Khandoker Mohammad Nurunnabi (31 July 1946 – 8 December 2016) was a Bangladesh Army major general who served in the Bangladesh Liberation War in 1971. He was awarded the National Sports Awards in 2002 for his contribution to Bangladeshi football as a member of the Shadhin Bangla football team.

==Football career==
In 1963, Nurunnabi began his football career by joining Azad Sporting Club, where he played until 1964. The following year, Nurunnabi fulfilled his dream of playing for Mohammedan SC, who were at the time the most popular team in East Pakistan. During his time with the Black & Whites, he played alongside a group of legendary players like Zakaria Pintoo, Pratap Shankar Hazra, Mohamed Kaikobad, and Golam Sarwar Tipu. He spent six years in Mohammedan, winning three First Division League titles and one Aga Khan Gold Cup (1968) trophy. While at Mohammedan, he got a job at the National Bank of Pakistan (now Sonali Bank).

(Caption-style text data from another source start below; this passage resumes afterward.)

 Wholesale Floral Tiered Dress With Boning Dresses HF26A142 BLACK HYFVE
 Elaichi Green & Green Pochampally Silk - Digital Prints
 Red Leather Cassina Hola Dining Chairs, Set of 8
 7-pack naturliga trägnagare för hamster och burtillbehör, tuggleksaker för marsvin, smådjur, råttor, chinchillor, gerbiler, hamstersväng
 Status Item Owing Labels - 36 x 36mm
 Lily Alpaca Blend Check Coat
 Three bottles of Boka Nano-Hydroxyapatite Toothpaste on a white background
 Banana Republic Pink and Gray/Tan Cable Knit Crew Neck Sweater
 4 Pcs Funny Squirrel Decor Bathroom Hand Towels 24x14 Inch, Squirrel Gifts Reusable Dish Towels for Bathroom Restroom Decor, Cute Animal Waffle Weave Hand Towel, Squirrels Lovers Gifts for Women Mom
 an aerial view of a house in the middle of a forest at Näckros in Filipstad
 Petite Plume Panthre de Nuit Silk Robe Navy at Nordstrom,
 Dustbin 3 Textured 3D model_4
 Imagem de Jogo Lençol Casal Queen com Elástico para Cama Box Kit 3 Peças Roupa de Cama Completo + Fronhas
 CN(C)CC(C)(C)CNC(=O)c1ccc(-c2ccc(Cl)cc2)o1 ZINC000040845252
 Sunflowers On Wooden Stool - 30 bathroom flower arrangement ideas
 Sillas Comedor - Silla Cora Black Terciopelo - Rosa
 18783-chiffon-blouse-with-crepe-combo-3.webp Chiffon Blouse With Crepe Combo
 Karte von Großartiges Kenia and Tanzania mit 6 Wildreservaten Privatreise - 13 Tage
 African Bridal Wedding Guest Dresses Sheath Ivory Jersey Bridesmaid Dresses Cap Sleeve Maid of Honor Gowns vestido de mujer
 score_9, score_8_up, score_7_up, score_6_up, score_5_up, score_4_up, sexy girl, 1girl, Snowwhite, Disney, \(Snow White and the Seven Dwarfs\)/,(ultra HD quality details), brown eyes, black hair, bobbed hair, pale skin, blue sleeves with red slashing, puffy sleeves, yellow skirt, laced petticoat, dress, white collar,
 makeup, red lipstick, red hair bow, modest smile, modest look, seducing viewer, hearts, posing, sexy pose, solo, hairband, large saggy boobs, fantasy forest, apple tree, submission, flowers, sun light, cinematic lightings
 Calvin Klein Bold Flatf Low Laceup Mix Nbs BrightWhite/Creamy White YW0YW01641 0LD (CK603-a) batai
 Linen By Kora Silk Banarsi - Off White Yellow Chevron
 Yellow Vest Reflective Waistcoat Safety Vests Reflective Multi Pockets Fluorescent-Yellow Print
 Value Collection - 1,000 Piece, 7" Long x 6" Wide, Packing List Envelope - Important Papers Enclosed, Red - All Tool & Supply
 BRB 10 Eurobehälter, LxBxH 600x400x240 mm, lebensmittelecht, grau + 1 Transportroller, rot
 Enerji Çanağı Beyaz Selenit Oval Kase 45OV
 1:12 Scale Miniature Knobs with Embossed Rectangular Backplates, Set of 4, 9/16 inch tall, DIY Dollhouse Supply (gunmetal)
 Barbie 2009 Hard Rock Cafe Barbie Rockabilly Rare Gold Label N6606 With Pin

In 1970, Nurunnabi became the last debutant from East Pakistan to represent the Pakistan national football team, as he travelled to Tehran, Iran, to participate in the 1970 RCD Cup. During the tournament, Nurunabbi played against both Iran and Turkey Amateurs. Nurunnabi is among only four goalkeepers from East Pakistan to represent the Pakistan national team, the others being Wajeed Ali Miazi, Manzur Hasan Mintu, and Shahidur Rahman Shantoo.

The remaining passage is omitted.